While a single head contractor is able to subcontract elements of the NRS to multiple suppliers under the legislation in its present form, this situation is not ideal. Accountability of contractors to the Commonwealth would be significantly increased by allowing the Commonwealth to contract directly with each supplier. The Commonwealth will be in a better position to ensure compliance with contractual service standards if it has a direct relationship with all suppliers.

This legislation has the further benefit of removing a current defect in the NRS scheme that prohibits a staged transition from one service provider to another. Because the current legislation allows for only one NRS provider, the Commonwealth would be forced to make a ‘clean break’ change in a situation in which it decided to change suppliers. The Commonwealth would not be able to pursue a staged transition during which an incumbent supplier incrementally handed over responsibility for the service to the new supplier. This amendment will allow the Commonwealth to employ the services of a new supplier without risking service levels as a result.

Again I say that this bill is not a reflection on the current provider: by all accounts, the service provided by the current provider has been good. However, regardless of the quality of service provided by the current provider, the provider should not obtain unnecessary legislative protection from the threat of new tenders. The current legislative environment grants the current provider a small legislative advantage over new tenders and this will inevitably reduce competitive pressures on the current provider to provide the highest quality service.

Debate in the other place recognised that, in addition to the benefits I have outlined, the amendments should not result in any reduction of service levels. The current legislation and the NRS contract require NRS providers to develop service standards as part of an NRS plan. These standards must address the number of calls to the NRS that do not get through; the call answer time of the service; the number of complaints about the service; the number of calls to Emergency 106 that do not get through; and the call answer time of the 106 text emergency service. Even if there are multiple suppliers of the NRS, it will still be possible to financially penalise providers for failing to meet non-emergency service standards. We hope that the Commonwealth will adopt this practice. We also expect the Commonwealth to ensure that standards for continuity of service are included in NRS contracts if multiple service providers are engaged to provide the NRS. However, we expect that, regardless of contractual requirements, the competitive effects of allowing specialised suppliers to provide components of the service will improve the quality of the NRS without the need for Commonwealth intervention.

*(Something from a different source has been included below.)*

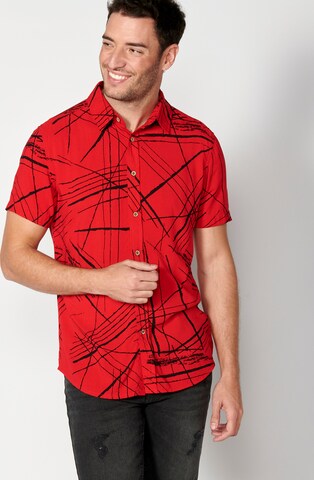 KOROSHI Regular fit Button Up Shirt in Red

This bill does not involve a substantial change to the administration of the NRS. Instead it is a small and straightforward amendment to the scheme that should improve the efficiency and the quality of service of the NRS. The bill will have no effect on the Commonwealth’s existing contractual arrangements with the current provider of the NRS, ACE. The Labor Party’s support for this bill is no reflection on the level of service provided by ACE as a full service provider of the NRS. We would not be at all surprised if ACE were to win the next tender for the NRS as a comprehensive supplier. The purpose of this bill is merely to keep ACE honest and to ensure that the NRS continues to be provided by the best and most efficient provider or providers in the market. The Labor Party support the continued operation of the NRS and we support this legislation as a measure designed to improve its operation.